When contacted, the programme manager in charge of the state’s Essential Drugs Programme, Dr Eyo Nsahe, whose agency through the state Ministry of Health is said to be responsible for the supply of drugs to the camp in Akpabuyo, said, “I have been informed that no expired drugs were taken to Bakassi Camp as alleged. They are drugs donated free”.
His agency, it was reliably gathered, works in collaboration with the state Ministry of Health as well as the State’s Emergency Management Agency (SEMA), in the distribution of drugs to the internally displaced persons in the state.
Also, when contacted on the same issue and other complains emanating from the camp, the director general of the State Emergency Management Agency (SEMA), Mr Vincent Aqua, declined to speak. He referred LEADERSHIP Sunday to the agency’s Information Officer, Mr David Akate, who refused to pick his calls in spite of several attempts.
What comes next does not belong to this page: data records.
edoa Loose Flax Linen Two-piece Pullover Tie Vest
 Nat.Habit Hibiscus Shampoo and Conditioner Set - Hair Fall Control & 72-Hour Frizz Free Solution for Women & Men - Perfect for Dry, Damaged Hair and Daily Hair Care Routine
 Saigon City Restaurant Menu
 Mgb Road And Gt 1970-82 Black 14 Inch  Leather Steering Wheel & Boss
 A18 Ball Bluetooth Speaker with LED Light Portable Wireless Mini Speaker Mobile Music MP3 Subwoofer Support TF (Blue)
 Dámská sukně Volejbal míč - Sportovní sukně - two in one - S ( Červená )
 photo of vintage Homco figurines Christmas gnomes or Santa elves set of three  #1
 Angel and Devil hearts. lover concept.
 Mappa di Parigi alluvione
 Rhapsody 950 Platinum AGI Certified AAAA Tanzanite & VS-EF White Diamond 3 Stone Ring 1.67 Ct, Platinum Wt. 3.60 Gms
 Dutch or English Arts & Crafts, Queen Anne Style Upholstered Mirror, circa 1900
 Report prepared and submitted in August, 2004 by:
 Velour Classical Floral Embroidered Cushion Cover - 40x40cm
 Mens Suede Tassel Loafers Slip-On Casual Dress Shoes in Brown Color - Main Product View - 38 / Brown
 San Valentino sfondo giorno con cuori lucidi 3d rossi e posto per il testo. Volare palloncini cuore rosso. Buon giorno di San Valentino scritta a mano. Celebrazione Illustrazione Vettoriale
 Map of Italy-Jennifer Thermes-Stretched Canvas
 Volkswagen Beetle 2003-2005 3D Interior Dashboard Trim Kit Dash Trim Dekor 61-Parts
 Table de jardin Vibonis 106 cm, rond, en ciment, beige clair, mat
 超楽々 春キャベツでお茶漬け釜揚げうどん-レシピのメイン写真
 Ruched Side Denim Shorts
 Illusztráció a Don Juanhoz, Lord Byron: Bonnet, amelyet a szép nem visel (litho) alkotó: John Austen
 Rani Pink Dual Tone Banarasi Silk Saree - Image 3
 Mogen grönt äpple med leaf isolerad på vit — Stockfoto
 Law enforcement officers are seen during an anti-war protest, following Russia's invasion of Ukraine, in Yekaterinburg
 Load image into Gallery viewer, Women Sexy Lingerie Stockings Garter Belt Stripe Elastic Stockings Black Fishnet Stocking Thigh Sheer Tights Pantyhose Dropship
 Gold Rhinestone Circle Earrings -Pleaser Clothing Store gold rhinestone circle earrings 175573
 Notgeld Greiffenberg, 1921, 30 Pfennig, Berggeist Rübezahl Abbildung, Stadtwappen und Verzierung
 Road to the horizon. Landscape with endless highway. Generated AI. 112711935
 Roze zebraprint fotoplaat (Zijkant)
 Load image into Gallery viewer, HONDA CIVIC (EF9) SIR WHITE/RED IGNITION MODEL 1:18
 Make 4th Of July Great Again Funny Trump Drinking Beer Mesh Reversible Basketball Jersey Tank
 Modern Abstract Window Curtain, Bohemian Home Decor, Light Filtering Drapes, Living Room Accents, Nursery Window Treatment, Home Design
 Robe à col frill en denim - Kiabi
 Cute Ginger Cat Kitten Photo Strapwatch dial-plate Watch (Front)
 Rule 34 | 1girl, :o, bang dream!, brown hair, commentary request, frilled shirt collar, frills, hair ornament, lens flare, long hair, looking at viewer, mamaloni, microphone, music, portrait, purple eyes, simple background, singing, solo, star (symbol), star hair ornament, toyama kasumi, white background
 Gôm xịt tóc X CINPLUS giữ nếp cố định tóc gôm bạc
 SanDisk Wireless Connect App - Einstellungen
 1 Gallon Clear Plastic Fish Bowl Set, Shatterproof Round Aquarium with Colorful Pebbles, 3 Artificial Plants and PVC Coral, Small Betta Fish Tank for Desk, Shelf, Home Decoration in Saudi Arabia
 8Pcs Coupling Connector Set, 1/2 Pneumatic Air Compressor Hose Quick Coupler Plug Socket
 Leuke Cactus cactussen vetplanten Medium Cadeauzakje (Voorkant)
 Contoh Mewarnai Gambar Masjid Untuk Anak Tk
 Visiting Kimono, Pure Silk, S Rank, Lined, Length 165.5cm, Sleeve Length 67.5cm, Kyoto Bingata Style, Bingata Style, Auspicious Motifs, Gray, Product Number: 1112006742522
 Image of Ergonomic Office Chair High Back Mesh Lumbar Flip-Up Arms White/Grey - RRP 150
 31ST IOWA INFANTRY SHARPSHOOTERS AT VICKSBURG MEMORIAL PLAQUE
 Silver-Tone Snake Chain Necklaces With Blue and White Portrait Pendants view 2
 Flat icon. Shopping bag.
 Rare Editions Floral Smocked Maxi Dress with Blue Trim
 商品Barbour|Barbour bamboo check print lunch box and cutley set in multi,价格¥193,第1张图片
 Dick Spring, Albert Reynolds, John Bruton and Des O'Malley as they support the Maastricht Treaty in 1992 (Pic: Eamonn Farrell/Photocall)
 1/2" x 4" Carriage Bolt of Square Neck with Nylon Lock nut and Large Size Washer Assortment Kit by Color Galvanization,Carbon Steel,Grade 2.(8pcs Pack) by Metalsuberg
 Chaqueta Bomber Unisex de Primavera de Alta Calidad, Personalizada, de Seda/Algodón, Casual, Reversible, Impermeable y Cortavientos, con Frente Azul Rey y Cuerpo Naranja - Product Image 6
Even as they groan in darkness in the camp, Okon, the camp leader, was recently filled with joy when the authorities of Akpabuyo local government area decided to train and empower some of the internally displaced persons at the Akwa Edem Eyo camps. Though, he read a goodwill message on behalf of his kinsmen who benefited from the scheme, he nevertheless expressed reservation on the lopsidedness in the selection process.
Speaking to LEADERSHIP Sunday after the empowerment programme held at the council’s headquarters in Ikot Nakanda earlier, Okon wondered why the scheme was largely dominated by female folks without any consideration for their male counterparts, most of whom he expressed the fear that they might become a ready tool in the hands of desperate politicians to do their bidding. He therefore appealed to the federal and state governments to support the gesture of Akpabuyo local government through more empowerment progammes, especially on fish farming for all the male Bakassi returnees who are still interested in maintaining their age long occupation ‘fishing’.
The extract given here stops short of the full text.